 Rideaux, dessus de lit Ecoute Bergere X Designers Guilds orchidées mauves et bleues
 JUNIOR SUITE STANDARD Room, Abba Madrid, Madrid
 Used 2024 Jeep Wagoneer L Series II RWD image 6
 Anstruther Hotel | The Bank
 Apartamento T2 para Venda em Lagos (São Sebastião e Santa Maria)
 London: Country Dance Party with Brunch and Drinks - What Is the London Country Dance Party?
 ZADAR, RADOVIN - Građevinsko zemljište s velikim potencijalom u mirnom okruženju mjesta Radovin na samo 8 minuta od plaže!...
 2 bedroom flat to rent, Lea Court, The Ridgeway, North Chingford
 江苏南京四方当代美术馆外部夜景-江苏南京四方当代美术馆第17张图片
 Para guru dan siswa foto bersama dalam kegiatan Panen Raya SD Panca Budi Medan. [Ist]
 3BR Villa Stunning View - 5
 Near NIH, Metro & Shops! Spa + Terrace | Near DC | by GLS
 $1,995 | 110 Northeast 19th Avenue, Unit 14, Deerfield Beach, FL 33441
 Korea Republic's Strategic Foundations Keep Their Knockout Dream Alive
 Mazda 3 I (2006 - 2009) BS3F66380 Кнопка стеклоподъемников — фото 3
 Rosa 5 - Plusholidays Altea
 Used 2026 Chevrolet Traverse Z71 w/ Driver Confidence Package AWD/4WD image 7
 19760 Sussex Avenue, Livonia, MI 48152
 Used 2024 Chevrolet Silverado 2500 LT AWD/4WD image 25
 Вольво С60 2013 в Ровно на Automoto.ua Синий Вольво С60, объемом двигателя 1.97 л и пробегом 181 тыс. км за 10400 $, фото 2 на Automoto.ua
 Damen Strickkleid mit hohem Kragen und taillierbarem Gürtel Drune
-.-.-
What you have to do
From the line holding "Apartamento T2 para" through the last line above, reproduce each line exactly and add nothing.

Response area
 Apartamento T2 para Venda em Lagos (São Sebastião e Santa Maria)
 London: Country Dance Party with Brunch and Drinks - What Is the London Country Dance Party?
 ZADAR, RADOVIN - Građevinsko zemljište s velikim potencijalom u mirnom okruženju mjesta Radovin na samo 8 minuta od plaže!...
 2 bedroom flat to rent, Lea Court, The Ridgeway, North Chingford
 江苏南京四方当代美术馆外部夜景-江苏南京四方当代美术馆第17张图片
 Para guru dan siswa foto bersama dalam kegiatan Panen Raya SD Panca Budi Medan. [Ist]
 3BR Villa Stunning View - 5
 Near NIH, Metro & Shops! Spa + Terrace | Near DC | by GLS
 $1,995 | 110 Northeast 19th Avenue, Unit 14, Deerfield Beach, FL 33441
 Korea Republic's Strategic Foundations Keep Their Knockout Dream Alive
 Mazda 3 I (2006 - 2009) BS3F66380 Кнопка стеклоподъемников — фото 3
 Rosa 5 - Plusholidays Altea
 Used 2026 Chevrolet Traverse Z71 w/ Driver Confidence Package AWD/4WD image 7
 19760 Sussex Avenue, Livonia, MI 48152
 Used 2024 Chevrolet Silverado 2500 LT AWD/4WD image 25
 Вольво С60 2013 в Ровно на Automoto.ua Синий Вольво С60, объемом двигателя 1.97 л и пробегом 181 тыс. км за 10400 $, фото 2 на Automoto.ua
 Damen Strickkleid mit hohem Kragen und taillierbarem Gürtel Drune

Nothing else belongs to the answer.